How to assign all non-reference sequence hits a value? (Vsearch)

Micro_Biologist · January 16, 2018, 9:20am

Hello,

I am using Vsearch to (currently closed reference) assign taxonomy to my sequences using:

qiime vsearch cluster-features-closed-reference \
--i-table Table97.qza \
--i-sequences RepSeqs97.qza \
--i-reference-sequences DiatomRefSeqs.qza \
--p-perc-identity 0.95 \
--p-threads 0 \
--o-clustered-table ClosedTable95.qza \
--o-clustered-sequences ClosedRepSeqs95.qza \
--o-unmatched-sequences UnmatchedRepSeqs95.qza \
--verbose

And I am currently taking all the abundance table ClosedTable95.qza into R for data manipulation.

I was wondering if there was a way of assigning all 'non-hits' a default name for further analysis, as my reference database is only a small proportion of the expected sequences (15%) and in order to be correctly formatted for 'downstream analysis' any non hits must be assigned something like "No_blast_hit", is this possible using open-reference sequencing?

EDIT: Adding an identifier tag within non-hit sequences would also be fine, as I could change them all in R later.

EDIT2: I have found a way within R (changing all feature IDs with over 25 characters to No_Hits) but a Qiime alternative if known would be good for methods not using R manipulation.

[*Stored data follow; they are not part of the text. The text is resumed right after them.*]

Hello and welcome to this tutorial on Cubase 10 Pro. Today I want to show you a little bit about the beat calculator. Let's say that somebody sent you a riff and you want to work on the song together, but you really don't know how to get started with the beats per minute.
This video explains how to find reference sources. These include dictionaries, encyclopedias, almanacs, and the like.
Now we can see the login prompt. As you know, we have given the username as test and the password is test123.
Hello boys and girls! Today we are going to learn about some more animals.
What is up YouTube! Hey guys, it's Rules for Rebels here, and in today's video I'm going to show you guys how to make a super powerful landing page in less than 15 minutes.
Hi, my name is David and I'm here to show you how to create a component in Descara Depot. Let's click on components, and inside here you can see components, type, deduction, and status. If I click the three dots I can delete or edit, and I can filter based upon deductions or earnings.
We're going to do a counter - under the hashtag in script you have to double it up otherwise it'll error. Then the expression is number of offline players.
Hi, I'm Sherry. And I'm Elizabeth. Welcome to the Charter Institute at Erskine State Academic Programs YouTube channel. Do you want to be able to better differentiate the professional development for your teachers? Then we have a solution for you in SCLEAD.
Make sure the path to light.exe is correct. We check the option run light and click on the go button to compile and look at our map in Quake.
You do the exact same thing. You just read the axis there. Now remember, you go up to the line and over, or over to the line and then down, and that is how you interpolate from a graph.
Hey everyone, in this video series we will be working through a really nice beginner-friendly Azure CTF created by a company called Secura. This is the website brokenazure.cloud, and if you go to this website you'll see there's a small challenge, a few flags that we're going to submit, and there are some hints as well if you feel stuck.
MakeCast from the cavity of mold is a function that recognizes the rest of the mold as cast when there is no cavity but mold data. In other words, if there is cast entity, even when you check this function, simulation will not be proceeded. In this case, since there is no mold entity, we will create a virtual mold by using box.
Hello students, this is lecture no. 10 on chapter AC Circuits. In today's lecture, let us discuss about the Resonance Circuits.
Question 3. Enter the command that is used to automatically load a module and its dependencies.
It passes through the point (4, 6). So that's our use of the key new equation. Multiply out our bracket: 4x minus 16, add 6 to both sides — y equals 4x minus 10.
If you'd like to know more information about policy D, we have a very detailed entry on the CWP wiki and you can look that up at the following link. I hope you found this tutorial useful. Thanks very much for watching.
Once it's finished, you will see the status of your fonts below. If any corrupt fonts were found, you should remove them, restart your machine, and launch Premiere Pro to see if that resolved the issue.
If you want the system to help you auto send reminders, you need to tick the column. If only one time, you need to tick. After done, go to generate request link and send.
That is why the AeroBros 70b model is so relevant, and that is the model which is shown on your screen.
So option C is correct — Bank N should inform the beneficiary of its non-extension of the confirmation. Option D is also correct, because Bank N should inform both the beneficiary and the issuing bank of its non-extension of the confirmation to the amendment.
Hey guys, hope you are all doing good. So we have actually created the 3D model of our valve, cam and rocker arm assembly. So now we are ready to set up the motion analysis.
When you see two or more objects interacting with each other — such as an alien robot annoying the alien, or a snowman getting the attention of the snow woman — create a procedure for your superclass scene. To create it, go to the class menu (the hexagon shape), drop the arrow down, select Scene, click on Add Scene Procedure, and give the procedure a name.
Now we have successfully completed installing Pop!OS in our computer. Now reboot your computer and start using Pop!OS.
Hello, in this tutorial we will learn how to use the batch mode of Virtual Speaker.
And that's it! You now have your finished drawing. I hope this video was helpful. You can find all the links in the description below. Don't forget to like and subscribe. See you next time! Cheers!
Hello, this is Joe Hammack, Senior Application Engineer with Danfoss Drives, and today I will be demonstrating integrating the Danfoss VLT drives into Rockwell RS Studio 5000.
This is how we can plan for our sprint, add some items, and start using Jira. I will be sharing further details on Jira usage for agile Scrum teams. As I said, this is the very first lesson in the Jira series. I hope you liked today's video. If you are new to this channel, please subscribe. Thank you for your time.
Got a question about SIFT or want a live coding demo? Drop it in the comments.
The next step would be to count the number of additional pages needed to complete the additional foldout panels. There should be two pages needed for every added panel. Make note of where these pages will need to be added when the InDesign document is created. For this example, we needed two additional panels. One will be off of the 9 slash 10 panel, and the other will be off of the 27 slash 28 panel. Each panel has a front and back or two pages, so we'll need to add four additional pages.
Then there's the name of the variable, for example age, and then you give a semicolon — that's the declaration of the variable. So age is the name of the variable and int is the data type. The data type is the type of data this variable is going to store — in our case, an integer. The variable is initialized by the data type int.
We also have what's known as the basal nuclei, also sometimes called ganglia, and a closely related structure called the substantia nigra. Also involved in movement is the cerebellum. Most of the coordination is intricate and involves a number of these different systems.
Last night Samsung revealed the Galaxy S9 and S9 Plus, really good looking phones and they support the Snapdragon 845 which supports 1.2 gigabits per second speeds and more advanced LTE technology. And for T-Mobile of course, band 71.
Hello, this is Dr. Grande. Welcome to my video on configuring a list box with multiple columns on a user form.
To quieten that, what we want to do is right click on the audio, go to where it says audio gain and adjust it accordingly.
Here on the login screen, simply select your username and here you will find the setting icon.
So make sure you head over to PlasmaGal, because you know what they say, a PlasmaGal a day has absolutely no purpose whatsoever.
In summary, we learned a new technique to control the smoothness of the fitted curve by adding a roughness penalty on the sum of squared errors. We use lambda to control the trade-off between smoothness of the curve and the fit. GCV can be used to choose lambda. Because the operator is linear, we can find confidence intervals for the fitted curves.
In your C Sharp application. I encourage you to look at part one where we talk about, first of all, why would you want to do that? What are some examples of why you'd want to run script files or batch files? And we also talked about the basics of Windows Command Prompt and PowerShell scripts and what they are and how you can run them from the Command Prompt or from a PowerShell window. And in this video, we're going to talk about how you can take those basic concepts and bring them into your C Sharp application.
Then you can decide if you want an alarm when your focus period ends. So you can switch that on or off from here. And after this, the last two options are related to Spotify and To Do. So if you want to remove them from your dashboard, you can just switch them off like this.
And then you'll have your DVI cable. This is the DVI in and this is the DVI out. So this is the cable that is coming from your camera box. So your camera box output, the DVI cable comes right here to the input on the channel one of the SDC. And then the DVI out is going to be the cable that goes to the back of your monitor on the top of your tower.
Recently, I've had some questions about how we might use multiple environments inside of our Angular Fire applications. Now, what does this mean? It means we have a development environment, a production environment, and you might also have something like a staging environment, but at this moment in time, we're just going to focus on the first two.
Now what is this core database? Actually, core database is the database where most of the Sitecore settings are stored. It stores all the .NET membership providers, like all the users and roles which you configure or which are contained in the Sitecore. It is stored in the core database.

Nicholas_Bokulich · January 16, 2018, 5:09pm

Hi @Micro_Biologist,

Using closed-reference OTU picking to assign taxonomy is essentially just assigning the top hit taxonomy. I do not recommend that approach as discussed elsewhere, and would instead recommend assigning taxonomy subsequently using the vsearch classifier available in q2-feature-classifier. This classifier has a perc-identity parameter that you can adjust for the same purposes. The consensus taxonomy assignment provided by that classifier will also determine whether other near hits exist, in which case the top hit may not be a reliable classification. However, the consensus assignment can also be disabled by setting maxaccepts to 1, if you prefer to just grab the top hit.

Additionally, that classifier would report unclassified sequences as unclassified... hence no workarounds would be required.

Using the vsearch classifier (rather than OTU picker) would be the correct way to do this in QIIME2, and provides the necessary output.

You may also be interested in exclude-seqs (see also this tutorial). That would allow you to just remove all sequences that do not match a reference database above a specified percent identity. You can use this to split your feature table into two — e.g., to analyze these data in separate batches (e.g., classify diatoms with a diatom database and analyze non-diatoms separately downstream) — or just to discard other sequences (e.g., if you do not want diatom sequences, just get rid of them).

I hope that helps!

Micro_Biologist · January 17, 2018, 7:21am

Thought it was too easy! (Kidding )

Thanks for your help I'll try get that working!

EDIT: If I know there are no duplicate sequences and I do want the top hot is using vsearch in this way okay?

I only ask as using vsearch classifier means all my sequences get no hits whatsoever?

Nicholas_Bokulich · January 17, 2018, 1:47pm

It's not just duplicates — your sequences probably won't be a perfect match so there may be many hits that are near matches within a similar percent identity. But theoretically, yes, you could do things this way if you really just want the top hit. Even then, I'd still recommend using classify-consensus-vsearch as that assigns a proper taxonomy to all sequences without needing to do a workaround.

Really? If none of your sequences are being classified, we should examine the parameters you are using... it sounds like maybe the parameters need to be tuned for your specific data (these methods have been tuned for bacteria and fungi, not diatoms! which may need a bit of tweaking)

Micro_Biologist · January 17, 2018, 3:28pm

Unfortunately most of the problems seem to arise from this methods reliance on it being similar to a previous method (microscopy based).

I will get working on it when I get into work tomorrow! Hopefully with some parameter altering I can get it working, if not I'll come back and ask for more help, thank you very much!

system · February 17, 2018, 9:28pm

This topic was automatically closed 31 days after the last reply. New replies are no longer allowed.